Why seperation of variables methods (https://en.wikipedia.org/wiki/Separation_of_variables) can't be applied into Burger's Equation (https://en.wikipedia.org/wiki/Burgers%27_equation)?
The Helmholtz equation is a linear partial differential equation that describes the behavior of waves in a homogeneous medium. It can be derived from the wave equation by separating variables and assuming harmonic time dependence.
However, Burger's equation is a non-linear partial differential equation that describes the behavior of waves in a medium with viscosity and convection. Due to the non-linearity of the equation, the method of separation of variables cannot be directly applied.

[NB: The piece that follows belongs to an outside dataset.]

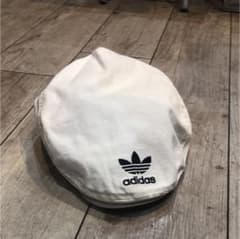 AKUBI様専用 adidas  キャスケットのサムネイル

Separation of variables involves assuming that the solution to a partial differential equation can be expressed as a product of functions of each independent variable. This method relies on the linearity of the equation, which allows the resulting equations for each independent variable to be combined into a solution for the entire system.

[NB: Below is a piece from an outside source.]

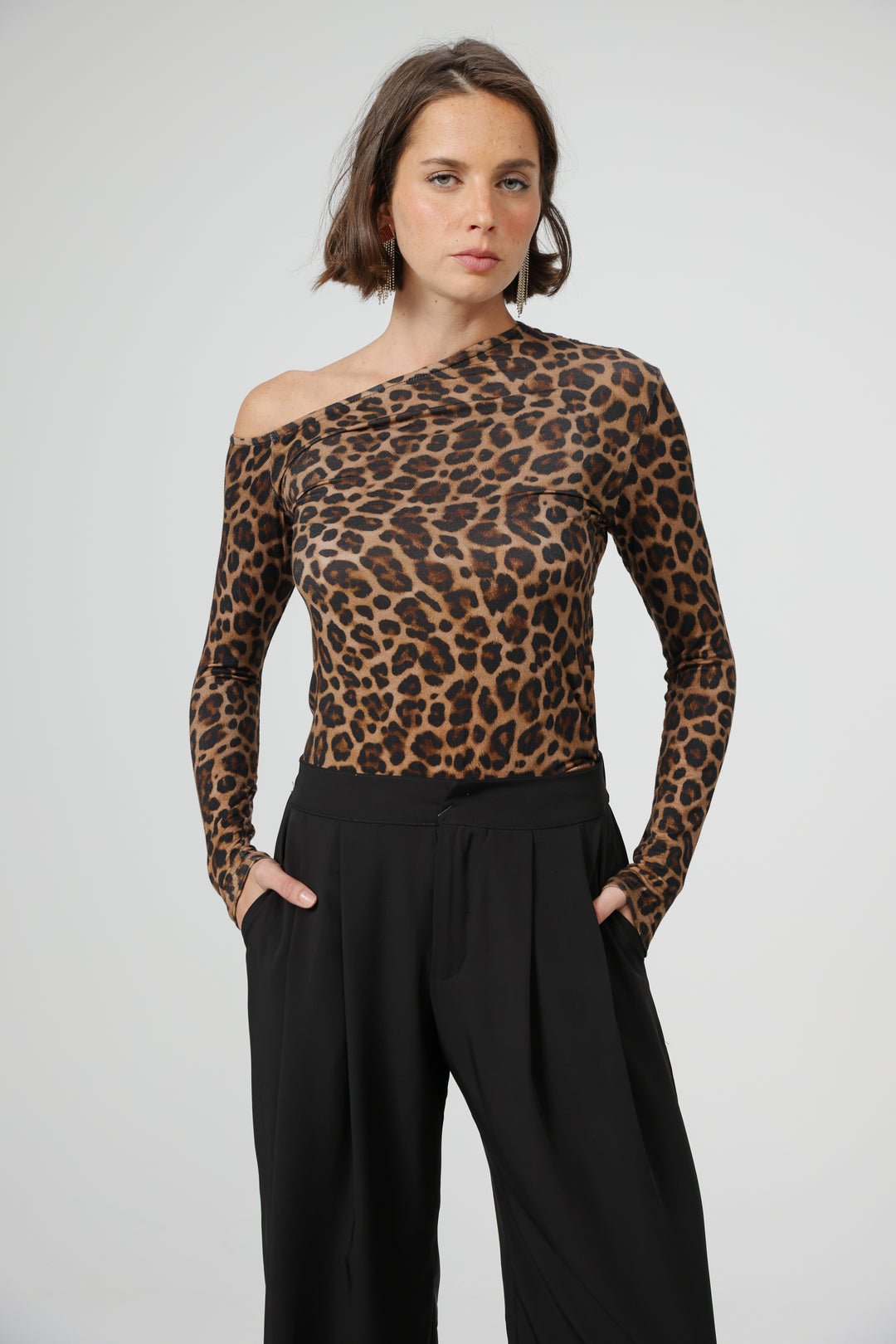 Clean07 Leopard One Shoulder Shirt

In Burger's equation, the convection term introduces a non-linearity that prevents the application of separation of variables. This term makes the equation inherently nonlinear, and the solution cannot be expressed as a product of functions of each independent variable.
To solve Burger's equation, other techniques such as numerical methods or approximate analytical methods may be used. These methods involve discretizing the equation and solving it numerically or approximating the solution using techniques such as perturbation theory or asymptotic analysis.
To solve nonlinear PDEs (like Burger or Burger-Huxley etc.), you can use the "Invariant subspace Method (ISM)."
The solution obtained by ISM is expressed as a product of functions, where each function depends on only one independent variable. This factorization of the solution makes it easier to solve the PDE, as it reduces the problem to solving a system of ordinary differential equations (ODEs) instead of a complex PDE. The method involves finding a set of invariant subspaces for the given PDE. By doing this, the solution can be obtained more straightforwardly without requiring complex numerical methods or approximations.
I think the best way to address this research problem is by solving it numerically. As we know burgers' equation contains a term like the wave equation if the speed is unity and the other terms are set to equal zero. Then, we first solve the shock-wave equation using a differential geometrical operator and then inserting a FFT function to calculate the other term, eventually converting them from freq. to time domain and plot it. I am almost done with work and soon will post it.